Mastercard travel advisory: leave home without it

This story was written following my first May 2009 visit to Havana. Its caution is current as of May 2010.

 “Declina…” The clerk in the Casa de Cambio currency kiosk in the basement of Havana’s Hotel Nacional shrugged helplessly, then slid my MasterCard back under the glass divider.
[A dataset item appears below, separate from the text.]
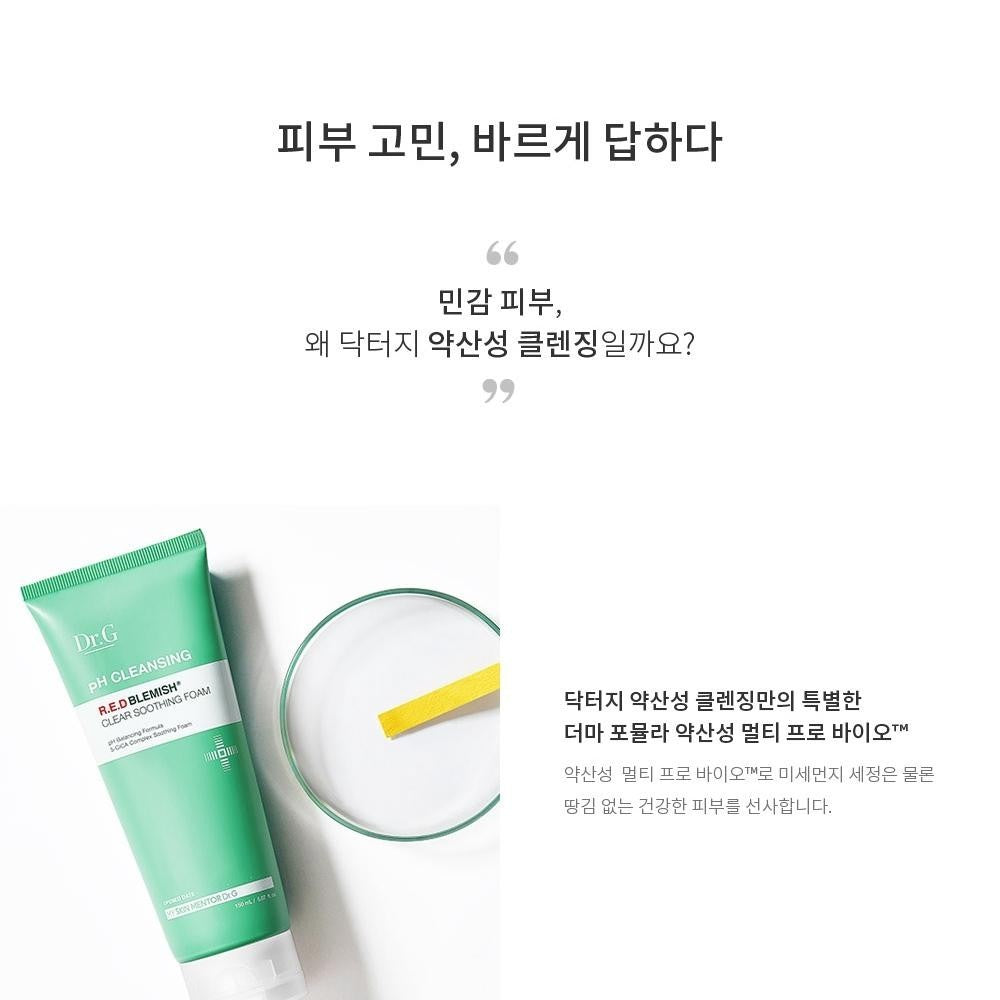 Dr.G PH Red Blemish Clear Soothing Foam 150ml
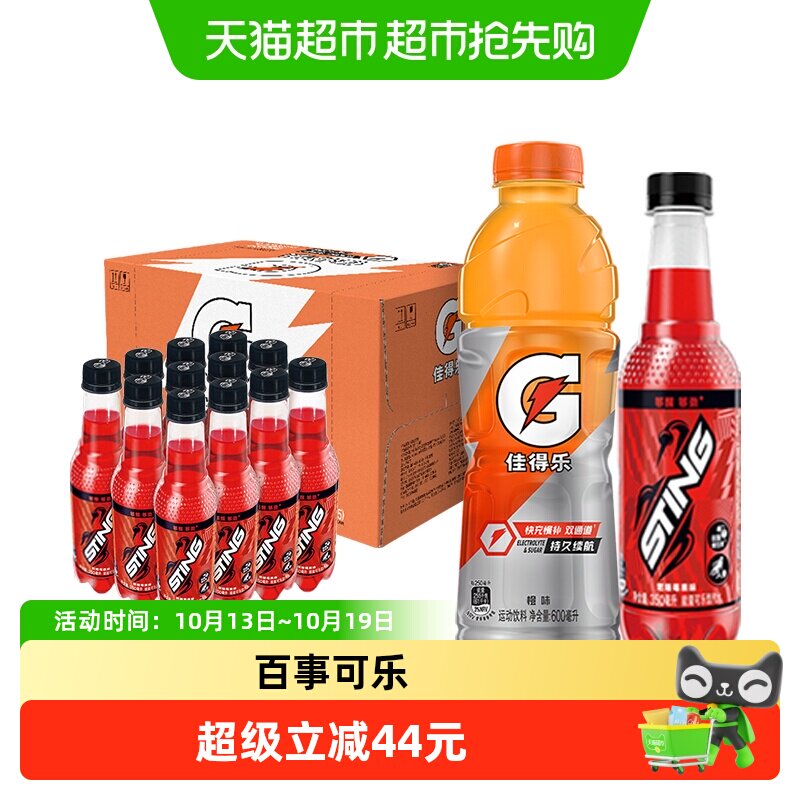 百事可乐佳得乐橙味600ml*15瓶+STING燃爆莓果味350ml*12瓶 乐橙无线实拍商品图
Declined? I wasn’t even close to my limit.

But I was out of cash.

I’d arrived in Havana that morning with just $40 Canadian in my wallet. Why carry cash, I’d figured, when I could simply show my Canadian passport and Canadian-issued credit card to get whatever I needed at my hotel, one of the largest in Havana?

Not so fast.

It turns out my MasterCard, issued by my Canadian credit union, processes its transactions through a company called CUETS Financial. CUETS, a subsidiary of MBNA Canada Bank, is nominally a Regina-based cardholder services company that handles all credit card purchases by customers at 375 credit unions and caisses populaires across Canada. But in 2007—as part of the ongoing gobbling globalization of the financial services industry—Bank of America acquired MBNA and moved all its card processing to the U.S.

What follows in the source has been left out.